The SFR Industry Could See a Come-To-Regulation Moment

Even though institutional investors are far from a dominant force in single family homes, they are an attractive target for politicians.

The current real estate situation in Berlin is enough to give a CRE professional heartburn. A vote will decide whether the city confiscates apartments from any owner of more than 3,000 properties, according to a Wall Street Journal report.

The vote is likely to pass, according to the story, because people are angry about rising rents. And while confiscations are unlikely—the referendum is non-binding, and the city would go into debt for the roughly €36 billion to be paid for the 240,000 affected units—it could cause politicians to double down on existing regulations.

Although such a vote isn’t likely in the U.S., there is anger over rising home prices, costs of single-family rentals, and the perceived position of institutional investors. The question is whether, like in Berlin, popular backlash could push politicians, if not at the federal level, then state or local.
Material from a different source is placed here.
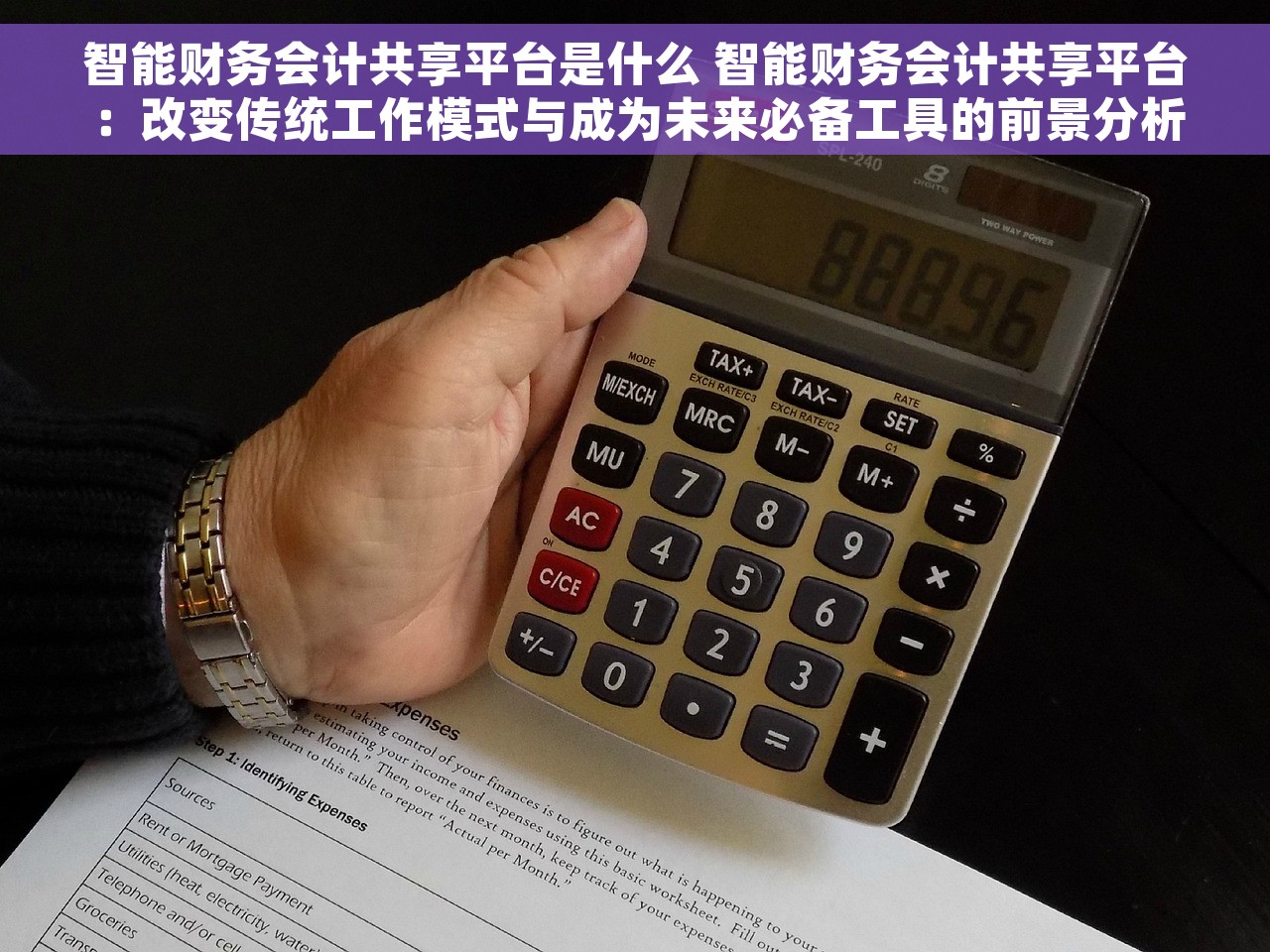 智能财务会计共享平台是什么 智能财务会计共享平台：改变传统工作模式与成为未来必备工具的前景分析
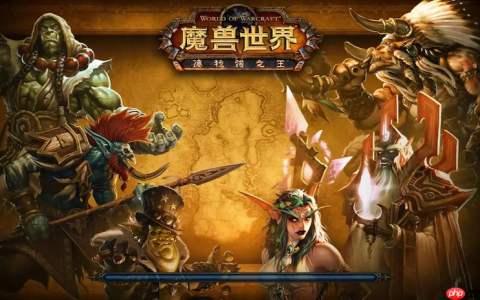 魔兽世界官方网站入口 魔兽世界网页端直接进入方法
Part of President Biden’s plans to increase affordable housing supply has been to call for restrictions on “large investors” from buying as many single-family homes as they do.

News such as BlackRock’s purchase of Home Partners of America, the latter of which owns and rents out 17,000 homes, or that investors bought one of every six homes in the second quarter of 2001, according to Redfin, don’t make for warm and fuzzy feelings.

That’s far from an accurate overall picture. “Investor purchases [of single-family homes] are less than 5% of the market,” Sara Rutledge, an economist at real estate investing site Millionacres, tells GlobeSt.com. She also points out that “investors need to buy or build at competitive price points to meet return requirements and build-to-rent properties increase the housing supply.”

“The notion that large single-family rental home companies are somehow adversely impacting the market for home purchases in the U.S. is not supported by the data in any way, shape, or form,” David Howard, executive director of the National Rental Home Council, explains to GlobeSt.com. “Further, U.S. Census Bureau data show that markets with greater concentrations of homes owned by large companies actually have higher rates of individual homeownership—including Atlanta, Charlotte, Phoenix, and Tampa, to name a few—and over the last five years those rates of homeownership have been growing faster than in markets where large companies are less active.”

But the data exists in an uncomfortable context. “Homeownership is becoming harder and harder to achieve for most first-time homebuyers because of the competition from—not exclusively, although very much so—institutional buyers,” says Milton Andrade, a broker at Franklin Realty Consultants. The recent increase in investor purchases reminds people of the way large buyers snapped up many foreclosed homes and then rented them out after the 2008 financial collapse.

“Someone has to look out for the little guy,” Andrade adds. “Politicians should be wary not to seem anti-business and anti-competition, but a roof over your head and the ‘American Dream’ of homeownership” is a hard image to ignore, especially when people must vote you back into office.

Some think the regulation scenario is unlikely. “From my experience working with public officials and observing local, state, and federal residential real estate policies, I don’t foresee future regulations in the single-family or multifamily rental sectors,” Morris Kaplan, president of Kaplan Residential, tells GlobeSt.com. “In fact, limiting regulations during the approval process for single family rental projects would reduce cost, possibly provide more affordability, accelerate delivery timelines, and generate tax revenue in a timely manner which is beneficial for municipalities and counties.”

But not all agree. “More institutional ownership will lead to more regulation,” says Khari Washington, owner and broker of 1st United Realty & Mortgage.

And action doesn’t have to happen at the federal level. “There is potential for local officials—especially in areas with rent control policies—to want to intervene in the rising rental rates for single-family housing,” Rutledge says. “However, the locations where rents are rising at a double-digit annual pace are dominated by Arizona, Texas, and parts of the Southeast that are not politically favorable to rent control.”